Why Does Progress Against ISIS in Iraq and Syria Feel Like Defeat?

Why Does Progress Against ISIS in Iraq and Syria Feel Like Defeat?
Iraqi security forces advance during the fight against Islamic State militants, Fallujah, Iraq, June 15, 2016 (AP photo by Anmar Khalil).

In the summer of 2014, the Obama administration found itself between a rock and a hard place. The Islamic State had just swept through northern Iraq, decimating the American-trained Iraqi army left to keep the peace after the U.S. withdrawal. Islamic State foot soldiers executed Iraqi troops and commandeered their American weapons, growing stronger and better equipped as they passed through each town.The U.S. had few options to counter the Islamic State’s rise. Having just vacated Iraq in 2010, any thoughts of a massive military deployment returning to the Middle East to win back Sunni “hearts and minds” would not be palatable. All previous Sunni Awakening partners from the U.S. surge in Iraq had found new suitors. Disenfranchised by a Shiite-dominated central government in Baghdad increasingly aligned with Iran, some embittered Iraqi Sunnis saw the Islamic State as a more appealing option than the status quo.
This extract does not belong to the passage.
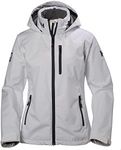 Helly Hansen Women's Crew Hooded Waterproof Windproof Breathable Rain Jacket, 853 Grey Fog, X-Large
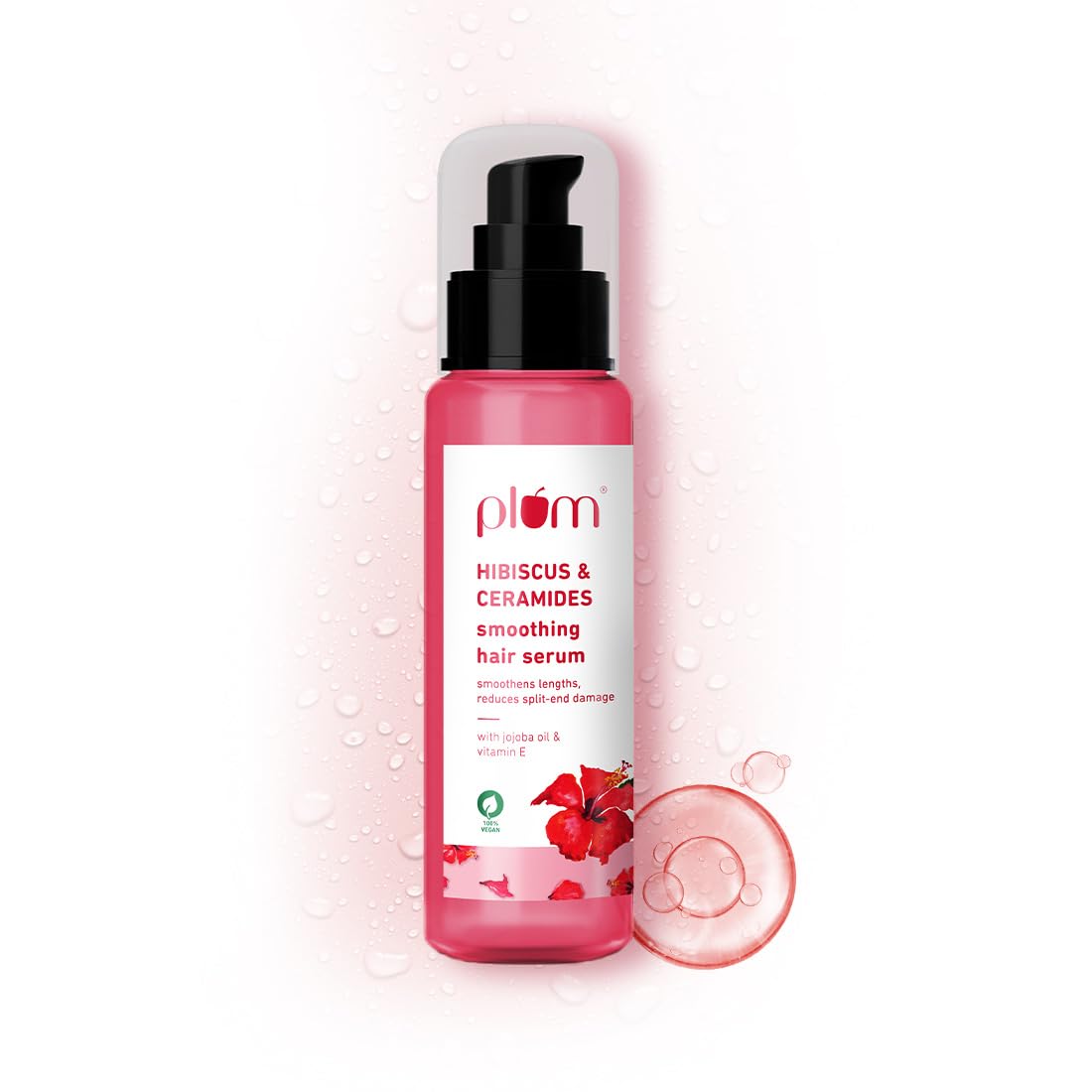 Plum Hibiscus & Ceramides Smoothing Hair Serum | Enriched with Jojoba Oil & Vitamin E | Nourishing Formula for Long, Frizz-Free Hair | Suitable for All Hair Types | 100% Vegan & Cruelty-Free | 75ml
The U.S. chose an alternative plan: build an international coalition bringing together targeted airstrikes with special operations liaisons embedded in proxy forces. Despite setbacks and missteps, this strategy has slowly rolled back the Islamic State. Just last week, the Iraqi army reclaimed Fallujah, which the Islamic State took over in early 2014. U.S.-backed forces in Syria have also surrounded the Islamic State in Manbij, while Kurdish forces—the shining stars of the international coalition—sit within sight of the Islamic State’s capital of Raqqa. But while progress against the Islamic State has been steady, it has also been slow—too slow for many as they watch the group’s seemingly unending atrocities.